Yes, it is big compares to the Stylus, but I really found that I beat the heck out of small cameras by jamming them in my pocket and any where else they will fit, so I will just get a camera on my next phone (which I am due for anyway) and I went for a real camera for the first time in my life... I will carry it in a trunk bag on the top of the Jandd extreme front rack on my Schwinn Voyageur and have it available for any shots that are worth stopping and taking... While true, I might miss a few shots that might have been possible by whipping a Point and Shoot out of my jersey pocket, I may have my camera phone there for that...
Just another possibility to add to your thought process.
Of course, I have never been one to worry about packing light when I go for a ride. :)
05-22-08, 12:07 PM
I've been very happy with my Fuji F10. Much better in low light without flash than most small cameras I've used. We've always been happy with a few Canon digital cameras we've had. My wife has one now that she loves. Can't remember the model, but it's very thin.
But you still need another bike. Cameras don't satisfy the N+1 requirement for bicycles. :rolleyes:
05-22-08, 04:15 PM
Recently I purchased the Panasonic TZ5, mentioned above. I bought it just to take with me when I'm on my bike.
The long end of the lens is awesome, and it can reach even farther with an option to step down from 9 to 3 megapixels. With 3 megapixels, there's more than enough information to create a large print or view a photo on a monitor, and upscaling with a program like Photoshop, to allow for some cropping or an even larger print, is easy.
As BCRider mentioned, the new version of the camera boasts a 24mm lens - that's only in the 16:9 ratio, though, which means cropping off the top and the bottom of what the other formats allow (4:3 and 3:2). There's also a slight reduction in the pixel count. But it's a cleaver feature.

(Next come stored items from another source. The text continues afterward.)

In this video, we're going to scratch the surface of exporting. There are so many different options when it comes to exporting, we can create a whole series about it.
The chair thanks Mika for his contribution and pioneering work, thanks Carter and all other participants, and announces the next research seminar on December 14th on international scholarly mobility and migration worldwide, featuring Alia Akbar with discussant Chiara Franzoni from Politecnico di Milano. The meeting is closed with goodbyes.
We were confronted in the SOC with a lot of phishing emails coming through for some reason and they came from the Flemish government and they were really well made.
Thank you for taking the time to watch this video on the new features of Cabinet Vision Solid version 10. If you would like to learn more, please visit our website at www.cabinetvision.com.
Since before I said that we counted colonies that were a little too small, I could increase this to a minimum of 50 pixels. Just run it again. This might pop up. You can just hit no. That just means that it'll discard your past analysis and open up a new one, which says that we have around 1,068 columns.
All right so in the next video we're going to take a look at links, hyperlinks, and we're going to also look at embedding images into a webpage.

The reason I don't like most point and shoot cameras is the relatively short reach of their optics. It's difficult to bring in mountain vistas, for example, or separate a rider from the pack. Not that a long lens is necessary to bring back great photographs from a bike ride. But the long reach of the TZ5 (and the other versions of the camera, like the TZ3 and 4) offers more choice in the way to make a photograph.
05-22-08, 05:08 PM
OK I am a Canon person and have loved their Powershots. I have two (long story - I thought I lost one so bought another and the lost one showed up). They are simple to use, take awesome photos, quality and price are outstanding; are highly recommended by amateurs and professionals. I think you are making good choices.
BTW my Powershot A540 has travelled across the country with me. No worries. Easily fits in a jersey pocket, Bento Box, bike bag whatever. I use a Camelback and got a small Canon case so I string the camera right onto the Camelback front strap. The camera is right there for quick use.
05-22-08, 09:06 PM
I love my Canon digital elph (SD800). It is small and light and goes everywhere with me.
It is very easy to use - I've even taken pictures and movies one-handed while biking.
I'm quite happy with the photos it takes.
For what it is worth - I have and use 3 other cameras, incuding a Digital SLR and a film SLR, but the S800 is the only one I carry every single day.